= Faheem Ansari =

Indian Muslim

Faheem Ansari, also known as Mohammad Faheem Ansari, is an Indian Muslim who was charged with involvement in the 2008 Mumbai attacks and was acquitted due to lack of evidence. Ansari, however was convicted for fake Pakistani passport forging and aiding in the attack of a Central Reserve Police Force camp in Uttar Pradesh. He was also charged with being a member of the Lashkar-e-Taiba (LeT), an Islamic terrorist organization. He was arrested in February 2009 along with five others, charged with these crimes and prosecuted, but was acquitted after being given benefit of doubt. The late Shahid Azmi was his lawyer and fought his case pro bono. Faheem Ansari was discharged by court in May 2010, a few months after Shahid Azmi's death by gunmen in February 2010. He was released after 12 years of detention because of a case, in which he was acquitted because of lack of evidence.

==Background==
Ansari's family was originally from Uttar Pradesh, but he was born and raised in Mumbai. He is married to Yasmin, with whom he has a daughter, Iqra.
 In 2007, he returned to Mumbai and stayed there for about three months. Though his parents and brothers were residing in the Goregaon suburb of the city, he made no attempt to contact them during his entire stay. He first stayed at a guest house in Grant Road, but after a few weeks rented a small accommodation. Ansari had initially planned on renting an accommodation in Colaba, but due to the high rent there, decided to settle at Grant Road.

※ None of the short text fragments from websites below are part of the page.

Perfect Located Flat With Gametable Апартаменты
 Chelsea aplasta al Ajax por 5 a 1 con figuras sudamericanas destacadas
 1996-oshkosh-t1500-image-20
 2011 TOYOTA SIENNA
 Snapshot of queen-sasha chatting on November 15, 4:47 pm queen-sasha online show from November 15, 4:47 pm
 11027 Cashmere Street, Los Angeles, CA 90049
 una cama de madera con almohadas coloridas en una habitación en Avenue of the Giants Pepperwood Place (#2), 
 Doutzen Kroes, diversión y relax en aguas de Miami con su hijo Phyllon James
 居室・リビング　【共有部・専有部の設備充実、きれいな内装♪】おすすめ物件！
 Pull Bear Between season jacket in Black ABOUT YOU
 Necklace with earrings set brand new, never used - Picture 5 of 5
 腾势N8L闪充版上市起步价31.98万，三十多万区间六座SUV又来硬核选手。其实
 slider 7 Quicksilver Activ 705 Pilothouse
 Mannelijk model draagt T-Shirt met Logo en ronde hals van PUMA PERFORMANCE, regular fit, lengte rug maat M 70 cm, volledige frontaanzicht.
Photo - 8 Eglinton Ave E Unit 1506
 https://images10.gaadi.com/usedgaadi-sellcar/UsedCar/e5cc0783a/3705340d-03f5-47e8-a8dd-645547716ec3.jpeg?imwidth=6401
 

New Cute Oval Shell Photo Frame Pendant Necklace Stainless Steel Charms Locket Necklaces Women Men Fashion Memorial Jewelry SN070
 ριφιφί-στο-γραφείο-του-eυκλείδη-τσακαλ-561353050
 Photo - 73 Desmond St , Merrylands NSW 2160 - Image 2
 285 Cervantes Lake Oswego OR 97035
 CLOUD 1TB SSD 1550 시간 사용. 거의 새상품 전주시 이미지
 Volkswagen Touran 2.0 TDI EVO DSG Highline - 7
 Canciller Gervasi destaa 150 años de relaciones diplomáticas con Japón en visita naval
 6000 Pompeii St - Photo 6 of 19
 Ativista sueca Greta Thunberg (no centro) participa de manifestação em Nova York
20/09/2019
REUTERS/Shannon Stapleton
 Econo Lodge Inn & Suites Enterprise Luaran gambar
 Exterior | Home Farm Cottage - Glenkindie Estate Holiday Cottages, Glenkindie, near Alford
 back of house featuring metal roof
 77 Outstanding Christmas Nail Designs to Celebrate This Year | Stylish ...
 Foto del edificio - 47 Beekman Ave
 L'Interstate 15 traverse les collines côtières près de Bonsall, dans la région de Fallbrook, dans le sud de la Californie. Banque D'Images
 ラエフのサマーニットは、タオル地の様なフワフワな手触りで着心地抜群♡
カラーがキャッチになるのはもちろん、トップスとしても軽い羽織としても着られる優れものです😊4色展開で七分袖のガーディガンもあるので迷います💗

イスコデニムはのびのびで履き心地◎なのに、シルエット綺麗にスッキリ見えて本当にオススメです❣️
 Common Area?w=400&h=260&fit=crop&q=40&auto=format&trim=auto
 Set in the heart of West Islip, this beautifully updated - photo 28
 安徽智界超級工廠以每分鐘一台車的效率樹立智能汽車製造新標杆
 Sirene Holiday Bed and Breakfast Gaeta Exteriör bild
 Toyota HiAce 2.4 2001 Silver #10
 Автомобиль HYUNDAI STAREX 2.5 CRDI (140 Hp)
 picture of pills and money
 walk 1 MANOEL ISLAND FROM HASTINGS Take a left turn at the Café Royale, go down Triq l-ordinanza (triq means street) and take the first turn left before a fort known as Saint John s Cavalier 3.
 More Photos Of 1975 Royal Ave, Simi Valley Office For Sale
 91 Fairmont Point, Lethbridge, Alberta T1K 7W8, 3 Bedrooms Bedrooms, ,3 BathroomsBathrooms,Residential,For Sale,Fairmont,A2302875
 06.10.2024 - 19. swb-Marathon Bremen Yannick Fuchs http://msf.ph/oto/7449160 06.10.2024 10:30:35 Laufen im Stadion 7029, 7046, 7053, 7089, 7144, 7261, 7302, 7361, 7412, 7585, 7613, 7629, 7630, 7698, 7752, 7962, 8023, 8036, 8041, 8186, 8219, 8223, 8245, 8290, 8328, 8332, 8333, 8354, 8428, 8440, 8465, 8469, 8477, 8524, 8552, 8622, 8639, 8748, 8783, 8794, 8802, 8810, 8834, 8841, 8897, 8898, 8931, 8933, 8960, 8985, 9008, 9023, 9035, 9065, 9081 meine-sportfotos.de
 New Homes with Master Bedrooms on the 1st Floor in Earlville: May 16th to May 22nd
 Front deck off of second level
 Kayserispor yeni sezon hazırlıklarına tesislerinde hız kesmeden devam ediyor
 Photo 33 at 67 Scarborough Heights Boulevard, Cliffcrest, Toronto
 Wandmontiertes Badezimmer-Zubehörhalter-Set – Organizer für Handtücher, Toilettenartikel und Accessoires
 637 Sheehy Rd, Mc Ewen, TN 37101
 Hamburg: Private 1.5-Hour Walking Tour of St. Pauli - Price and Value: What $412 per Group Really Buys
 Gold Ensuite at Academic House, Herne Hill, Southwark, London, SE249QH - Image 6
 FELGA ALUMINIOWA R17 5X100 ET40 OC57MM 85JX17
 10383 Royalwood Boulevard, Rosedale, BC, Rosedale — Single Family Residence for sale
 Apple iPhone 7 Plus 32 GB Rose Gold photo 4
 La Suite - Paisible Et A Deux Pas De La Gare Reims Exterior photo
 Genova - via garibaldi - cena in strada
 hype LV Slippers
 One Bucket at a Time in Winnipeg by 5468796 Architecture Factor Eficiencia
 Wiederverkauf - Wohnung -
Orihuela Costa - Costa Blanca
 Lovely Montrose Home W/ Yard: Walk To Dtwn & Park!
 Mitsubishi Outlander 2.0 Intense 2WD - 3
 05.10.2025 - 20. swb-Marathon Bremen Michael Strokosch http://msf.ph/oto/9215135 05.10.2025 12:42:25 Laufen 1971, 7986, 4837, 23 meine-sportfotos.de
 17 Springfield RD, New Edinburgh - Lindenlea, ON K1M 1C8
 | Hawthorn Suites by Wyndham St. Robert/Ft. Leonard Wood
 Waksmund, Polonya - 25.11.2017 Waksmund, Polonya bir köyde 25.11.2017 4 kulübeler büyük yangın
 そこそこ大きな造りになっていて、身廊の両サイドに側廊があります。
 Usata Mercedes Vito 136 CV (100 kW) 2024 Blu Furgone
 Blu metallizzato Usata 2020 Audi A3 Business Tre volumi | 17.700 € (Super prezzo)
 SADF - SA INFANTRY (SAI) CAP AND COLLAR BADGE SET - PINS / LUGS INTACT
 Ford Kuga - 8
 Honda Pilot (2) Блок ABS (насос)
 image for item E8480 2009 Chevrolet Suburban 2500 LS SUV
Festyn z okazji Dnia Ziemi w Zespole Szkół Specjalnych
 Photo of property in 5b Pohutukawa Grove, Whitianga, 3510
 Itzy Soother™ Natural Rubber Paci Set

The Mumbai police alleged that Ansari did a reconnaissance of several prominent Mumbai landmarks, including the Mumbai Stock Exchange, the Mumbai police headquarters at Crawford Market, the Maharashtra police headquarters at Colaba, the Mahalakshmi Temple and the Siddhivinayak temple. Ansari went to the Taj Hotel and Oberoi Trident as a tourist and shot video footage of the interiors.

==Arrest==
On 10 February 2008, Uttar Pradesh police arrested Ansari along with five others. These included Pakistani nationals Romez alias "Amar Singh" and Sehwez alias "Ajay Malhotra" and Indian nationals Sohel, Sawauddin (or Sabauddin) Sanju and Baba Jung Bahadur. He was arrested for his involvement with an attack on a Central Reserve Police Force camp in Rampur on 31 December 2007, in which 7 paramilitary personnel and 1 civilian were killed. The interrogation revealed that Ansari had performed reconnaissance over twelve places in Mumbai, including government, police, transportation, tourist and financial sites over the course of two months. However, Ansari later alleged that the Mumbai police conveniently made him a scapegoat and deliberately falsified evidence against him.

==Alleged role in the Mumbai attacks and acquittal==
On 31 December 2008, Ansari, along with Sabahuddin Shaikh, was formally accused of aiding the November 2008 attackers in Bombay. The interrogation of Ajmal Qasab and of Ansari, revealed that none of the attackers had been in the city before the attacks, and acted solely on intelligence provided by Ansari. On 11 February 2010, his lawyer Shahid Azmi was murdered in what was suspected by authorities to be a professional contract killing. On 3 May 2010, Ansari and the co-accused Sabahuddin Shaikh were acquitted of any complicity in the attacks. In the acquittal, the Judge blasted the Bombay police for the case it made against him and Sabahuddin Shaikh. They were shifted from Arthur Road Jail to Uttar Pradesh to stand trial in connection with the CRPF camp attack at Rampur in 2007.

==Sexual harassment==
Advocate Ejaz Naqvi, the lawyer for Ansari, presented in court an allegation that a female FBI agent had removed all of Ansari's clothes and showed him pornographic films. Naqvi also requested that Ansari be taken for a medical examination. The court asked the Crime Branch to investigate and report by 26 February 2009, and ordered the medical examination. Ansari had earlier questioned the right of FBI agents to interrogate him.